Wald lemma for Brownian motion

Question

In the following question, $B$ refers to Brownian motion.

I am having a problem with a particular part of the solution of the following question (picture below). More precisely, how to prove that $$M(4^{p+1})-M(4^p) \leq |B_{4^{p+1}}-B_{4^p}|?$$

Picture:

We wish to show that when $T$ is a stopping time with $\mathbb{E}\left[T^{1 / 2}\right]<\infty$, Wald's lemma still applies and $\mathbb{E}\left[B_{T}\right]=0$

(1) Define $\tau:=\min \left\{k: 4^{k} \geq T\right\}$. Set $M(t):=\max _{[0, t]} B$ and $X_{k}:=M\left(4^{k}\right)-2^{k+2}$. Show that $\left(X_{k}\right)$ is a supermartingale for the filtration $\left(\mathcal{F}_{4^{k}}\right)_{k}$, and that $\tau$ is a stopping time.
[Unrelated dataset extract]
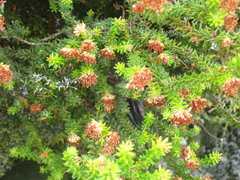 Erica stylaris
Solution (1) Define $\tau:=\min \left\{k: 4^{k} \geq T\right\}$. Set $M(t):=\max _{[0, t]} B$ and $$ \mathbb{E}\left[X_{k+1}-X_{k} \mid \mathcal{F}_{4^{k}}\right]=\mathbb{E}\left[M\left(4^{k+1}\right)-M\left(4^{k}\right) \mid \mathcal{F}_{4^{k}}\right]-4 \times 2^{k} $$ Since we know that almost surely $M\left(4^{k+1}\right)-M\left(4^{k}\right) \leq\left|B_{4^{k+1}}-B_{4^{k}}\right|$ which is independent of $\mathcal{F}_{4^{k}}$ and distributed like $\left|B_{4^{k+1}-4^{k}}\right|$, then $$ \mathbb{E}\left[X_{k+1}-X_{k} \mid \mathcal{F}_{4^{k}}\right] \leq \mathbb{E}\left[\left|B_{4^{k+1}-4^{k}}\right|\right]-4 \times 2^{k}=\sqrt{3 \times 4^{k}} \mathbb{E}\left[\left|B_{1}\right|\right]-4 \times 2^{k} $$ A simple application of Cauchy-Schwarz or Jensen gives $\mathbb{E}\left[\left|B_{1}\right|\right] \leq \sqrt{\mathbb{E}\left[\left|B_{1}\right|^{2}\right]}=1$, and the expectation above is bounded by 0 .

Answer 1

The proof seems wrong take the event where $B_{4^{p+1}}=B_{4^p}=M(4^p)=2$, and $M(4^{p+1})=4$ then $2=M(4^{p+1})-M(4^p) \not\leq |B_{4^{p+1}}-B_{4^p}|=0$

This event has null proba but you can take intervals of non null proba instead and obtain the claim wrong. For example take the event where, $B_{4^p}\in (1,2)$, $|B_{4^{p+1}}-B_{4^p}|< 1/2$, $|M_{4^{p}}-B_{4^p}|\leq 1$ and $M(4^{p+1}) \in (9,10)$ then
$M(4^{p+1})-M(4^p)>9 -(2+1) =6$ and $|B_{4^{p+1}}-B_{4^p}|\leq 1/2$

All those events combined have non null probability (even though I really don't want to calculate this)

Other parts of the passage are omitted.